He had advice for the students in the audience. “Find something you love to do,” he said. “If you’re waking up every day doing something you enjoy and love doing, it doesn’t feel like work at all.”

Jim Turley with students
Turley said he spends 75 percent of his time traveling, and his wife sometimes complains that he enjoys his work too much. But he believes it is important to go out and meet directly with staff and clients. “You cannot get a culture just by sending out an email,” he said. “You have to be able to look people eyeball to eyeball, take their questions, have them believe it, or else you’re dead. After the Enron crisis, when our profession went through hell and back, we had to really commit to the delivery of quality and integrity, because demonstrably back in the 90s, we as a firm, we as a profession, were not doing the kind of quality work that was expected of us.
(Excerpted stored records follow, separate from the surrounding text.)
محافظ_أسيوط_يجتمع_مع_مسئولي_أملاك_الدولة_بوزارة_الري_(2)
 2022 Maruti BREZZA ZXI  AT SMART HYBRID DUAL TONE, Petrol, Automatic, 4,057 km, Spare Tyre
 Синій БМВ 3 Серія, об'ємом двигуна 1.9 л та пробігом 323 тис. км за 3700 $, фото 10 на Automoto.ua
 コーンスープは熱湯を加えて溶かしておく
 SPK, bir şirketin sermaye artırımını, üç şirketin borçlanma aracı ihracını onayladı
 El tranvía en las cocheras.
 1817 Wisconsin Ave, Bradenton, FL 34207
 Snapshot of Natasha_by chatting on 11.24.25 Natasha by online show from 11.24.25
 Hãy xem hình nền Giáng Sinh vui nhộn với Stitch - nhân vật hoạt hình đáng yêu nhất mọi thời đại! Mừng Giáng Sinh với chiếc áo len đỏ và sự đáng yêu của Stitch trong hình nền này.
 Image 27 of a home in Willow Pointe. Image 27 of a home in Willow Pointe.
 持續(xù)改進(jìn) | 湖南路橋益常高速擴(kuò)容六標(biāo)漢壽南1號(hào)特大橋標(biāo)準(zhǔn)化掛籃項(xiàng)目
We only get our people to believe all of this by looking at them. We want 170,000 people to wake up every day knowing that nothing is more important than their own integrity and their own commitment to quality, and that if something smells funny at a client, or if something smells funny inside our house, they ought to raise their hand and ask about it. And you don’t get that believability without being with our people eyeball to eyeball.”
He discussed how he had some setbacks in his career, not getting the biggest clients sometimes and not being picked to manage the St. Louis office. But he persevered in working hard on whatever assignments he got, and eventually became global chairman and CEO. Turley plans to retire in about six months and he helped recruit his successor, Mark Weinberger, who served with the firm before leaving to work in the federal government as Assistant Secretary of the Treasury for Tax Policy.
Turley said he turned down the job of becoming CEO of a public company after he leaves Ernst & Young, but he plans to serve on the boards of several not-for-profits and corporations. Before turning down the CEO job, he received some helpful advice from the lead director of the board.
“He said, ‘Jim, put the word retirement out of your vocabulary,’” Turley recalled. “He said, ‘Because you’re not the type of person who is going to sit around and do nothing. Think about it as what you want your next chapter to look like. The question you need to ask yourself is do you want to do one thing for your next chapter, in which case this CEO job could be it, or do you want to do a portfolio of things?’ So I thought about it and it will likely be a portfolio of things, probably continuing on some not-for-profit boards I’m involved in today, but also joining some corporate boards.”